## Directions:
No picture should appear in the copy. Transcribe exactly, and only, the lines from the one with "American Eagle XXS Navy Blue Floral Dress" through the last line of the data below.

## Recorded data:

###

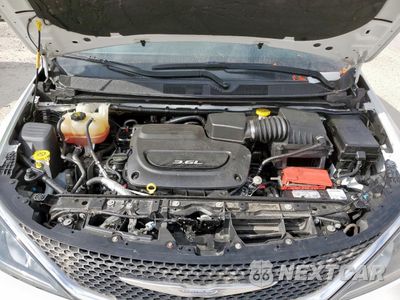 Zdjęcie 12 z 13 samochodu: 2017 CHRYSLER PACIFICA TOURING L VIN:2C4RC1BGXHR804998 - miniatura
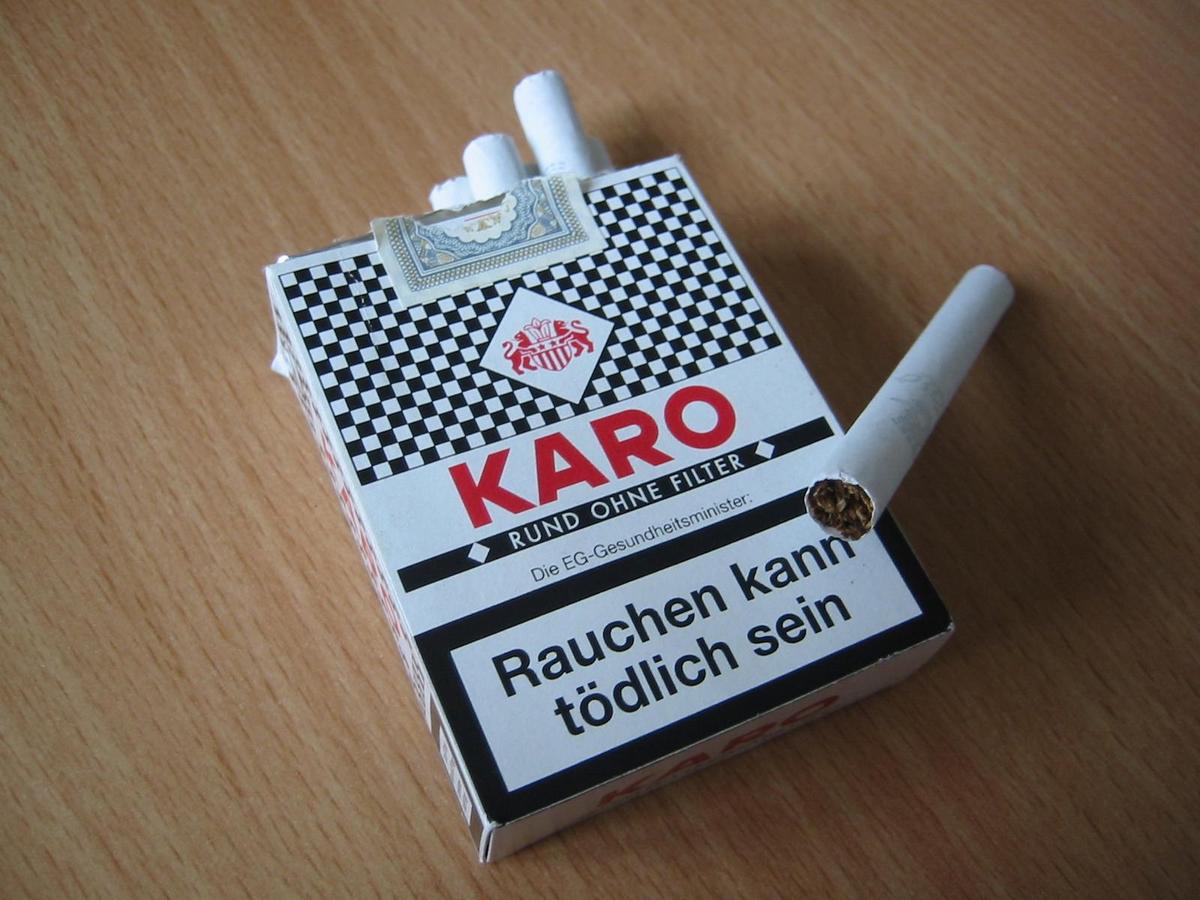 Zigarettenschachtel Karo mit Zigarette.j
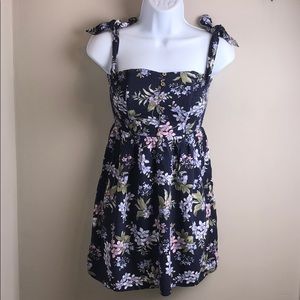 American Eagle XXS Navy Blue Floral Dress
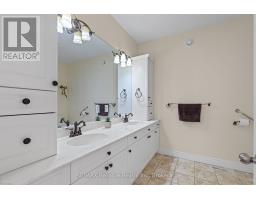 11 OAKWOOD LINKS LANE - 23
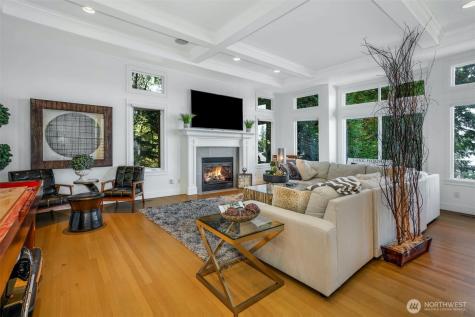 13130 Holmes Point Drive NE Kirkland WA 98034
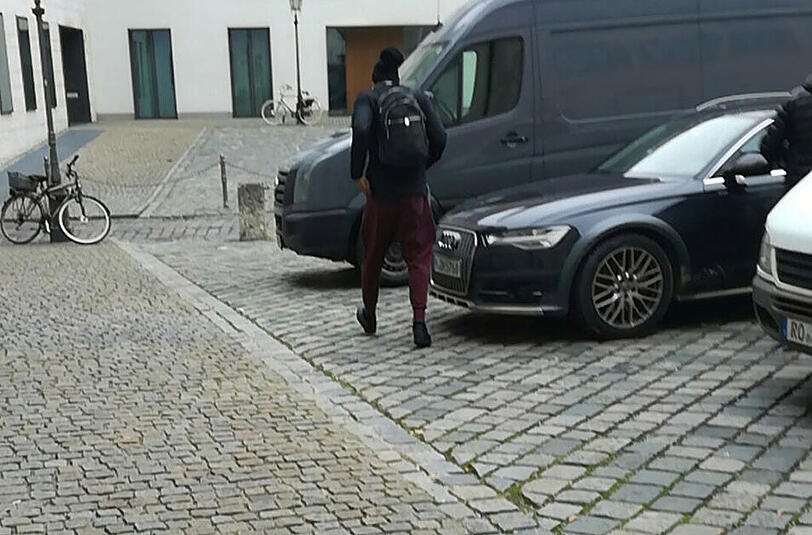 Da geht er hin: Jerome Boateng nach seiner Untersuchung in der Praxis von Dr. Müller-Wohlfart.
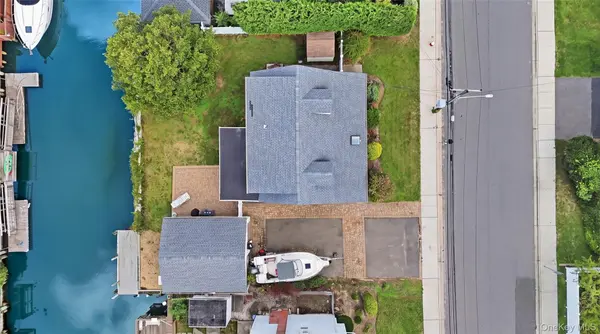 3746 Carrel BLVD, Oceanside, NY 11572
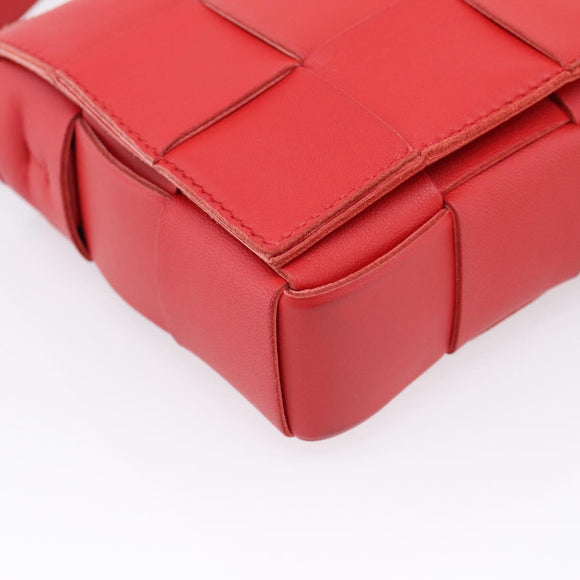 Bottega Veneta MAXI INTRECCIATO Cassette Shoulder Bag Leather Red Auth LN047V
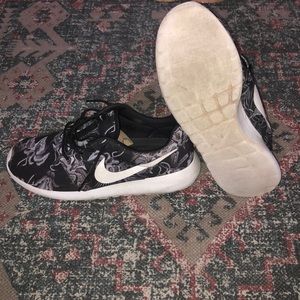 Nike Floral Roshe Runs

###

## Exercise solution:
 American Eagle XXS Navy Blue Floral Dress
 11 OAKWOOD LINKS LANE - 23
 13130 Holmes Point Drive NE Kirkland WA 98034
 Da geht er hin: Jerome Boateng nach seiner Untersuchung in der Praxis von Dr. Müller-Wohlfart.
 3746 Carrel BLVD, Oceanside, NY 11572
 Bottega Veneta MAXI INTRECCIATO Cassette Shoulder Bag Leather Red Auth LN047V
 Nike Floral Roshe Runs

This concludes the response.